> **Records for processing**
________
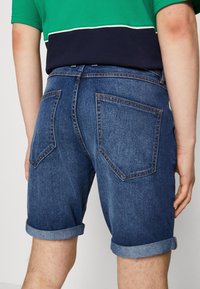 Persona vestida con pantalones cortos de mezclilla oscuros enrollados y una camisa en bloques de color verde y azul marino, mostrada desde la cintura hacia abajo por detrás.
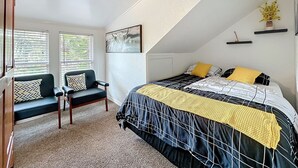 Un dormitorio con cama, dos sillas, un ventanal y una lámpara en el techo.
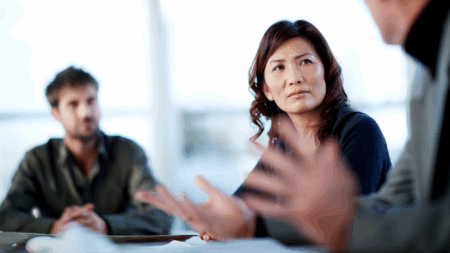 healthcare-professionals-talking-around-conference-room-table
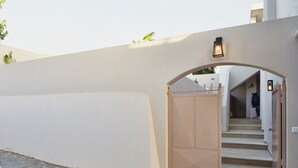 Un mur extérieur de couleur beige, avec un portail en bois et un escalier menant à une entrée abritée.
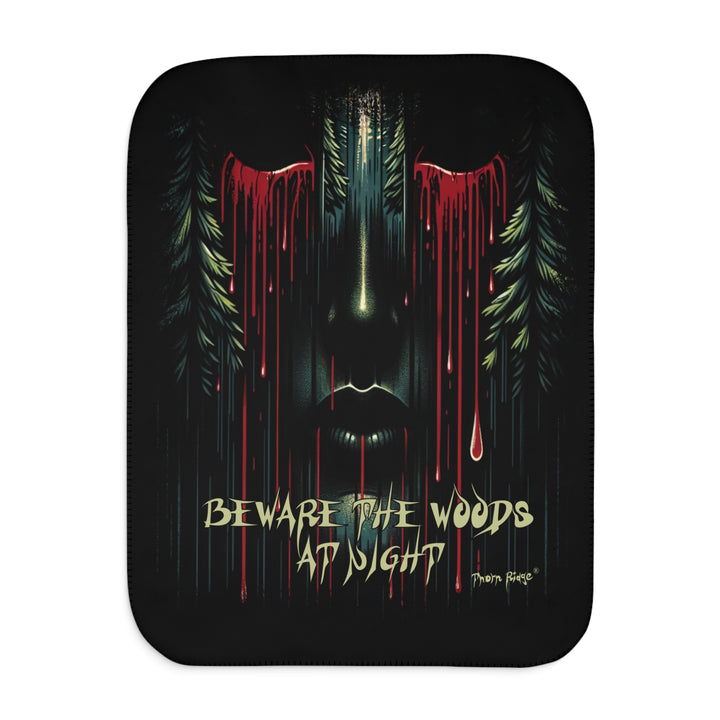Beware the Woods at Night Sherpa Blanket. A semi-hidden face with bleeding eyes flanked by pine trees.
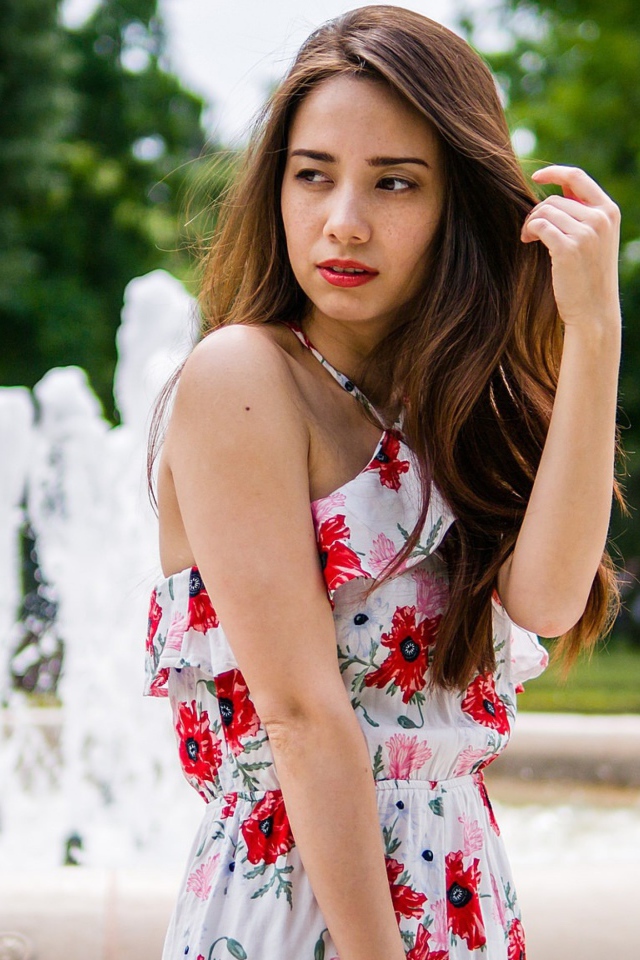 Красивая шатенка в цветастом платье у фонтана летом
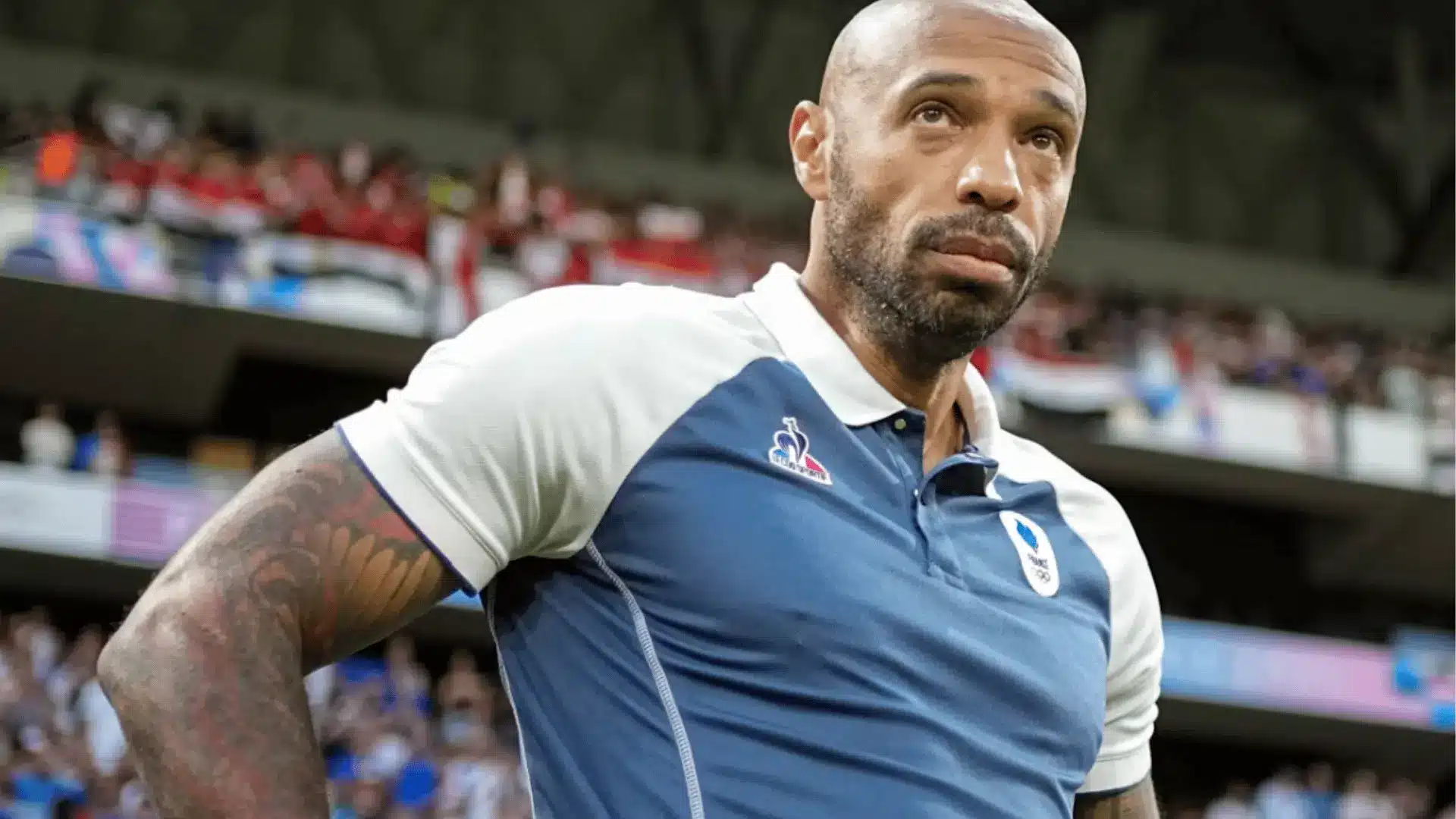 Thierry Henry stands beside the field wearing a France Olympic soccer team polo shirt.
________
> **Exercise description**
The answer must reproduce every line of the records above exactly, with all pictures left out.

> **Task response**
 Persona vestida con pantalones cortos de mezclilla oscuros enrollados y una camisa en bloques de color verde y azul marino, mostrada desde la cintura hacia abajo por detrás.
 Un dormitorio con cama, dos sillas, un ventanal y una lámpara en el techo.
 healthcare-professionals-talking-around-conference-room-table
 Un mur extérieur de couleur beige, avec un portail en bois et un escalier menant à une entrée abritée.
Beware the Woods at Night Sherpa Blanket. A semi-hidden face with bleeding eyes flanked by pine trees.
 Красивая шатенка в цветастом платье у фонтана летом
 Thierry Henry stands beside the field wearing a France Olympic soccer team polo shirt.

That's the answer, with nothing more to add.